假设\(S\)是一个非空的well-ordered set,如果\(P(x)\)是一个关于\(x \in S\)的命题,且满足:对所有的\(x \in S\),如果\(P(y)\)对所有的\(y \prec x\)都成立,则\(P(x)\)成立。那么\(P(x)\)对所有的\(x \in S\)都成立。

Lexico-graphic order: Let \(R_1\) and \(R_2\) be partial orderings on sets \(A_1\) and \(A_2\), respectively. The lexicographic order on \(A_1 \times A_2\) is the partial ordering \(R\) such that \((a_1, a_2) \preceq (b_1, b_2)\) if and only if either \(a_1 \prec b_1\) or \(a_1 = b_1\) and \(a_2 \preceq b_2\).

Theorem: Let \(R_1\) and \(R_2\) be partial orderings on sets \(A_1\) and \(A_2\), respectively. The lexicographic order on \(A_1 \times A_2\) is a partial ordering.

Hasse Diagrams

Hasse diagram: A Hasse diagram of a poset \((S, \preceq)\) is a digraph such that the vertices of \(D\) correspond to the elements of \(S\) and there is an edge from vertex \(x\) to vertex \(y\) if and only if \(x \prec y\) and there is no element \(z\) such that \(x \prec z \prec y\).

没有箭头,没有环,没有重复的边。

Example: \(A=\{1,2,3,4,5,6,7,8,9\}\), \(R=\{(a,b) \mid a \text{ | } b, a,b \in A\}\), \(D\) is the Hasse diagram of \((A,R)\).

original digraph:

graph BT;
  1((1))-->2((2));
    1-->3((3));
    1-->4((4));
    1-->5((5));
    1-->6((6));
    1-->7((7));
    1-->8((8));
    1-->9((9));
    2-->4;
    2-->6;
    2-->8;
    3-->6;
    3-->9;
    4-->8;
    1-->1;
    2-->2;
    3-->3;
    4-->4;
    5-->5;
    6-->6;
    7-->7;
    8-->8;
    9-->9;

Hasse diagram:

graph BT;
1((1))---2((2));
2---4((4));
4---8((8));
2---6((6));
1---3((3));
3---9((9));
3---6;
1---5((5));
1---7((7));

Maximal element: An element \(a\) of a poset \((S, \preceq)\) is a maximal element if there is no element \(b \in S\) such that \(a \prec b\).

Minimal element: An element \(a\) of a poset \((S, \preceq)\) is a minimal element if there is no element \(b \in S\) such that \(b \prec a\).

Greatest element: An element \(a\) of a poset \((S, \preceq)\) is a greatest element if \(a \preceq b\) for all \(b \in S\).

Least element: An element \(a\) of a poset \((S, \preceq)\) is a least element if \(b \preceq a\) for all \(b \in S\).

In the last example, \(8,6,9,5,7\) are maximal elements, \(1\) is a minimal element, there is no the greatest element, \(1\) is the least element.

Upper bound: Let \(S\) be a poset and let \(A\) be a subset of \(S\).

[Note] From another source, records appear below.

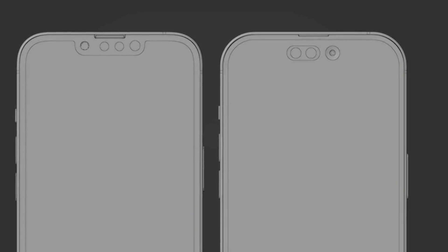It is a punch-hole display — a single punch-hole display. It is a large punch hole accommodating the front-facing camera and face sensors.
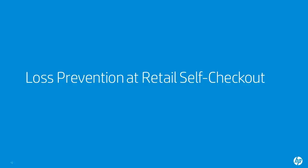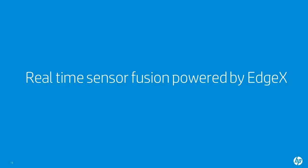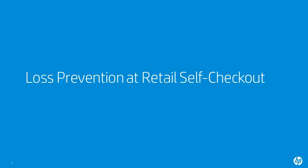Hi everyone, and welcome to the demo presented by HP, Intel, and IO Tech. In this demo, we showcase a loss prevention use case at a retail self-checkout. This demo shows real-time sensor fusion, powered by seamless data injection via the EdgeX framework, and we create actionable insights right there on site at the edge. So let's take a look.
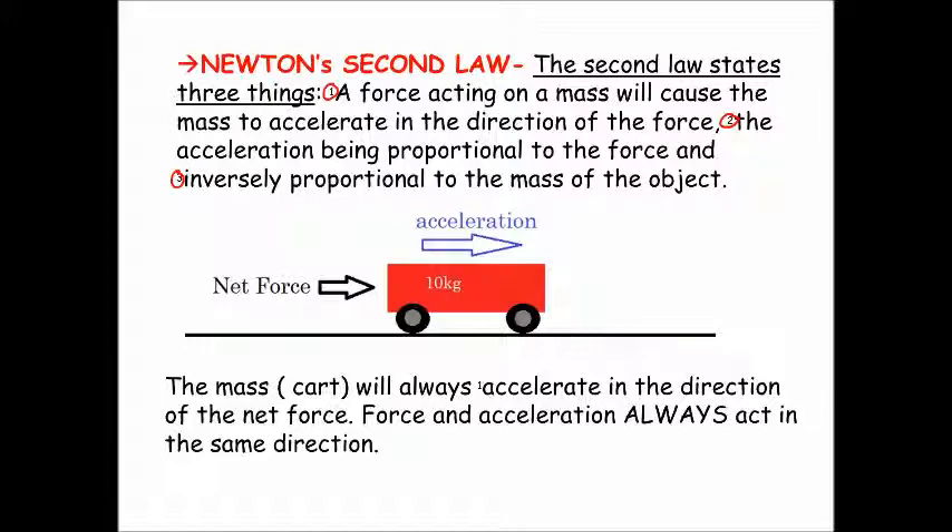A postulate is an idea. The first thing it says is that a force acting on a mass — that means an object, anything — will cause the mass to accelerate in the direction of the force. That is pretty simple to understand, and it simply means that if you apply a force to an object — and remember a force is a vector — it has a direction, as indicated by the arrow.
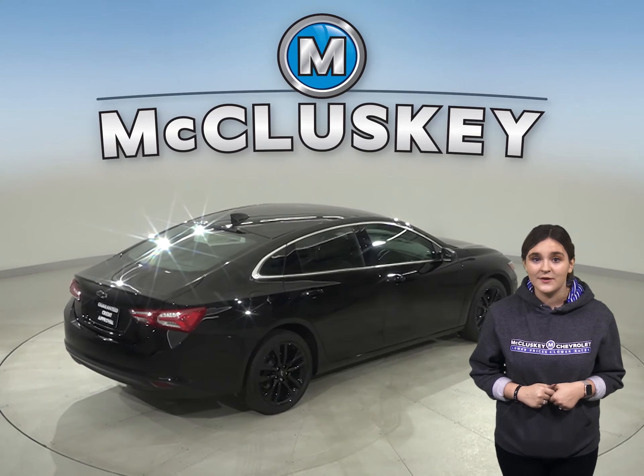The Chevrolet Malibu also uses electronically controlled shutters to close off the airflow and reduce drag when less engine cooling is needed. This is going to be very reliable for those highway rides.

An element \(b \in S\) is an upper bound of \(A\) if \(a \preceq b\) for all \(a \in A\).

Least upper bound: Let \(S\) be a poset and let \(A\) be a subset of \(S\). An element \(b \in S\) is a least upper bound of \(A\) if \(b\) is an upper bound of \(A\) and \(b \preceq c\) for every upper bound \(c\) of \(A\). The least upper bound of \(A\) is denoted by \(lub(A)\).

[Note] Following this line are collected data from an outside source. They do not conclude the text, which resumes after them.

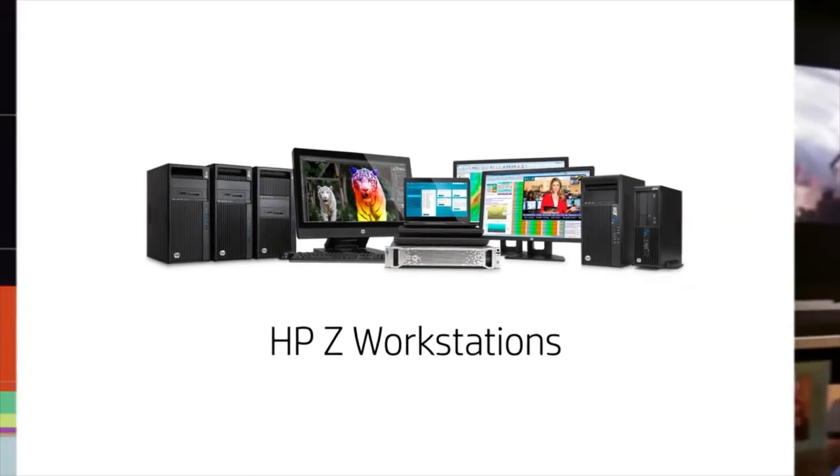So whether you're shaping dreams or building wonders, HP Z workstations make it all possible.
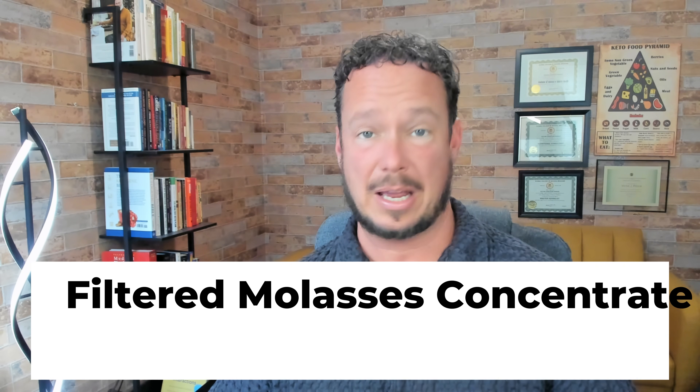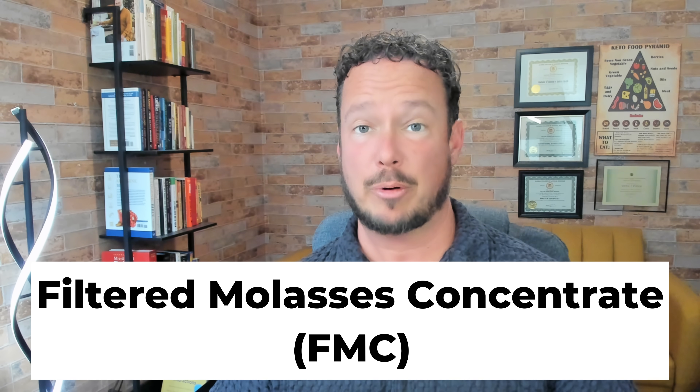You may have seen one of the recent videos from Thomas DeLauer or Ben Azadi talking about blackstrap molasses. I have a bunch of respect for both of those guys — they do great work and have helped so many people. But there's one critical detail they both missed in the videos: the human studies they referenced didn't test blackstrap molasses. Those studies used a different ingredient — filtered sugarcane molasses concentrate. A totally different product.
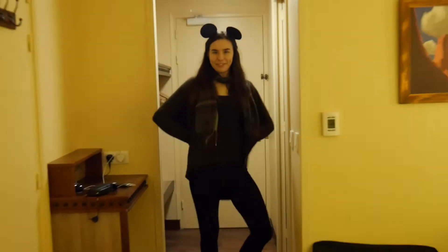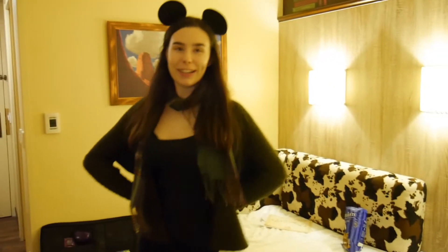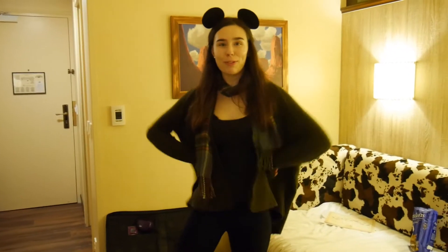Well hi there! Welcome to our hotel room in the Wild West. We are in Disneyland right now and we are about to go out for some dinner. Take a look at the room folks!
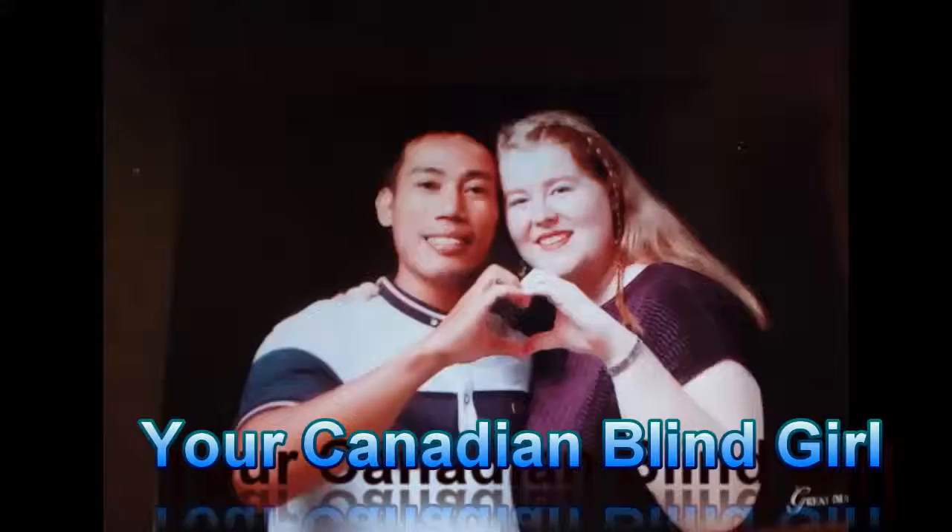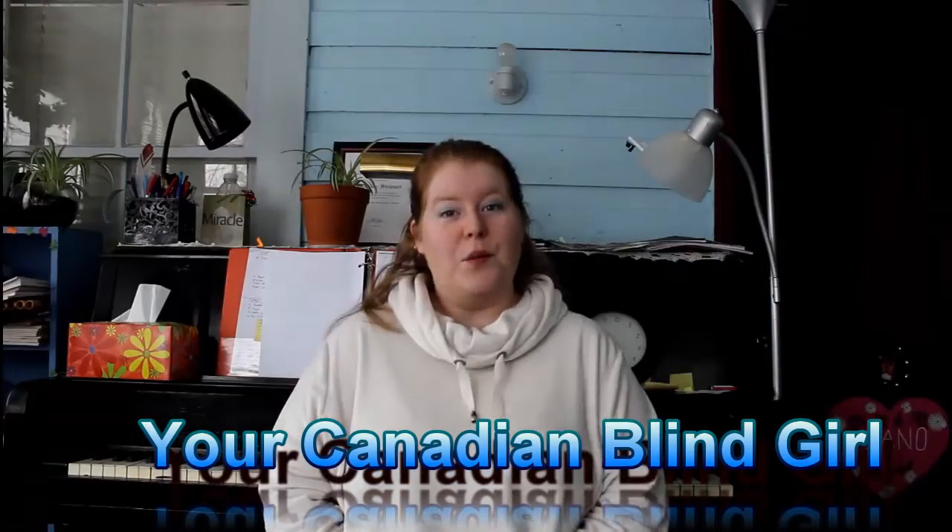Hello everyone, thank you so much for coming on my channel, your Canadian Blind Girl. Stay tuned to see what I have for you today.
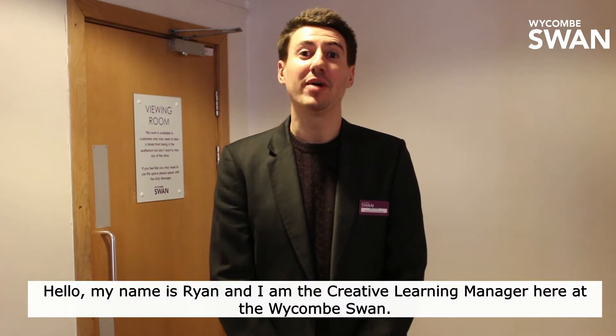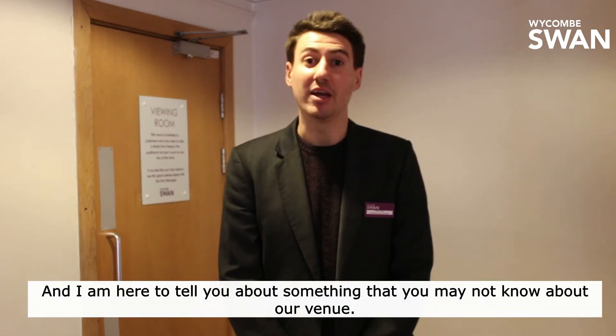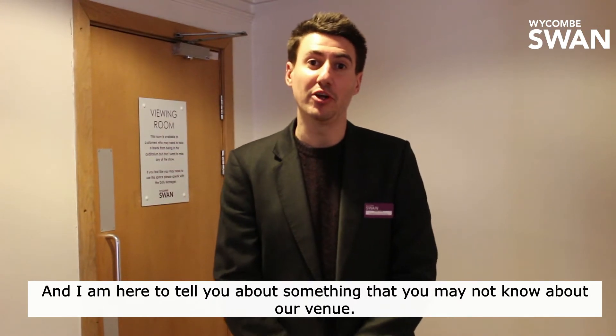Hello, my name is Ryan and I'm the Creative Learning Manager here at The Wycombe Swan. I'm here to tell you about something that you may not know about our venue.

Lower bound: Let \(S\) be a poset and let \(A\) be a subset of \(S\). An element \(b \in S\) is a lower bound of \(A\) if \(b \preceq a\) for all \(a \in A\).

Greatest lower bound: Let \(S\) be a poset and let \(A\) be a subset of \(S\). An element \(b \in S\) is a greatest lower bound of \(A\) if \(b\) is a lower bound of \(A\) and \(c \preceq b\) for every lower bound \(c\) of \(A\). The greatest lower bound of \(A\) is denoted by \(glb(A)\).

此时是对于集合而言的,而不是对于元素而言的。

只要求小于等于,所以该集合中的元素可以是集合的上界,也可以是集合的最小上界。

Example: \(S=\{a,b,c,d,e,f,g,h,i,j,k\}\),\(A=\{a,b,c,d,e,f,g\}\), \(A^{\prime}={h,i,j,k}\)

graph BT;
b((b))---f((f));
a((a))---c((c));
e((e))---g((g));
a---d((d));
f---h((h));
c---f;
d---g;
g---i((i));
g---h;
f---i;
h---j((j));
h---k((k));
i---k;

the upper bounds of \(A\) : \(h,i,j,k\).

the lower bounds of \(A\) : \(/\) .

the upper bounds of \(A^{\prime}\) : \(/\) .

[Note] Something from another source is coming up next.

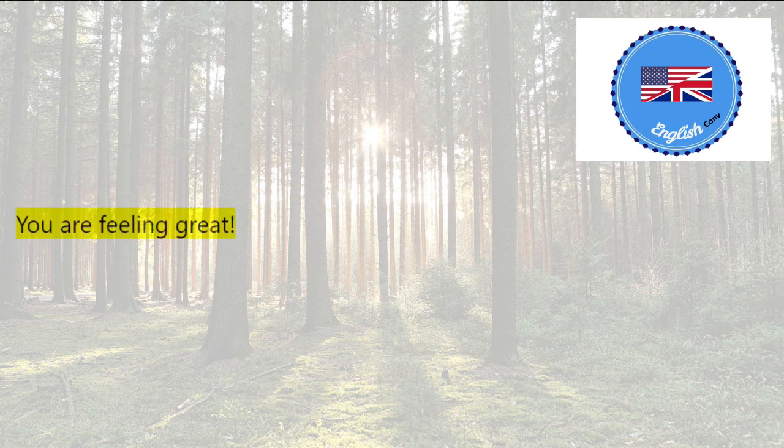You are feeling great. You are alert and focused. You are ready to take on the world.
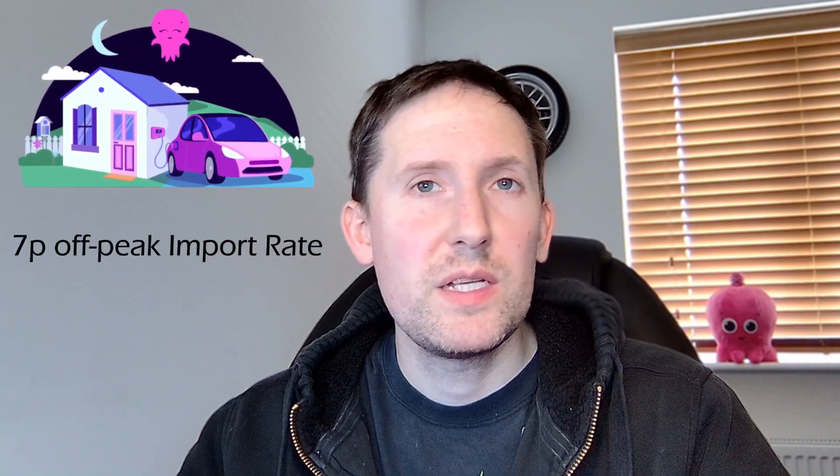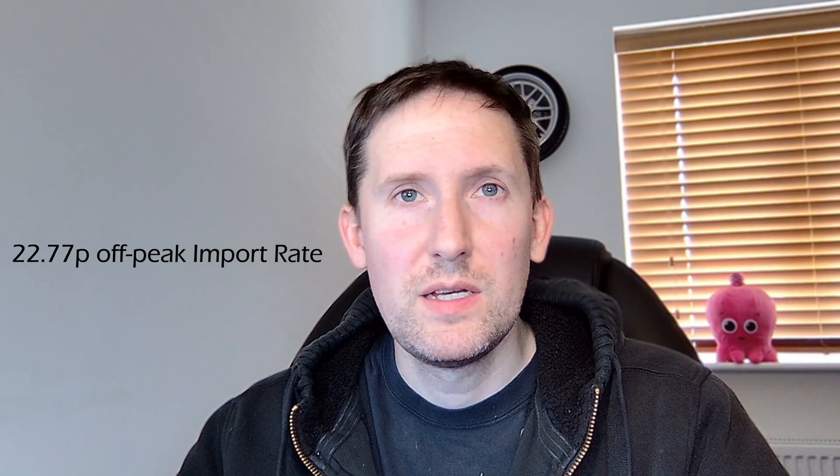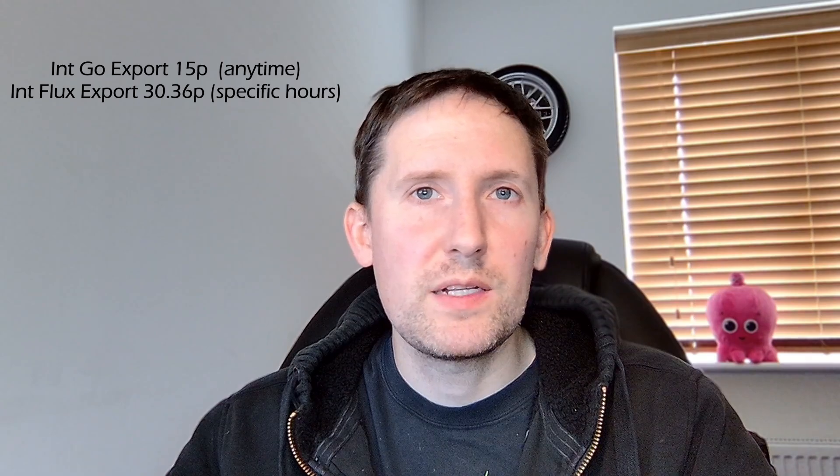My own strategy for 2026 involves changing from my current tariff, Octopus Intelligent Go, with its 7 pence off-peak rate, to Octopus Intelligent Flux. It has a much higher off-peak import rate of 22.77 pence, but I'll just change my usage patterns to avoid importing altogether and focus on self-consumption. Unlike Intelligent Go's attached export plan, known as Outgoing, which had a constant export rate of 15 pence per kilowatt hour, Intelligent Flux, if exported at the right timeframe, can be as much as 30.36 pence — so just over double.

the lower bounds of \(A^{\prime}\) : \(a,b,c,d,e,f,g\) .

lub and glb of \(A\) : \(/\) .

lub and glb of \(A^{\prime}\) : \(/\) .

Lattices

Lattice: A poset \((S, \preceq)\) is a lattice if every two elements of \(S\) have a least upper bound and a greatest lower bound. Every totally ordered set is a lattice.

Example: \((\mathbb{Z}, \leq)\) is a lattice.

lub: the larger one.

glb: the smaller one.

Example: \((\mathbb{Z}^+, |)\) is a lattice.

lub: the least common multiple.

glb: the greatest common divisor.

Example: \((P(S), \subseteq)\) is a lattice.

lub: the union.

glb: the intersection.

Topological Sortings

拓扑排序:对于一个有向无环图,将所有的顶点排成一个序列,使得对于每一条边\((u,v)\)\(u\)在序列中都在\(v\)的前面。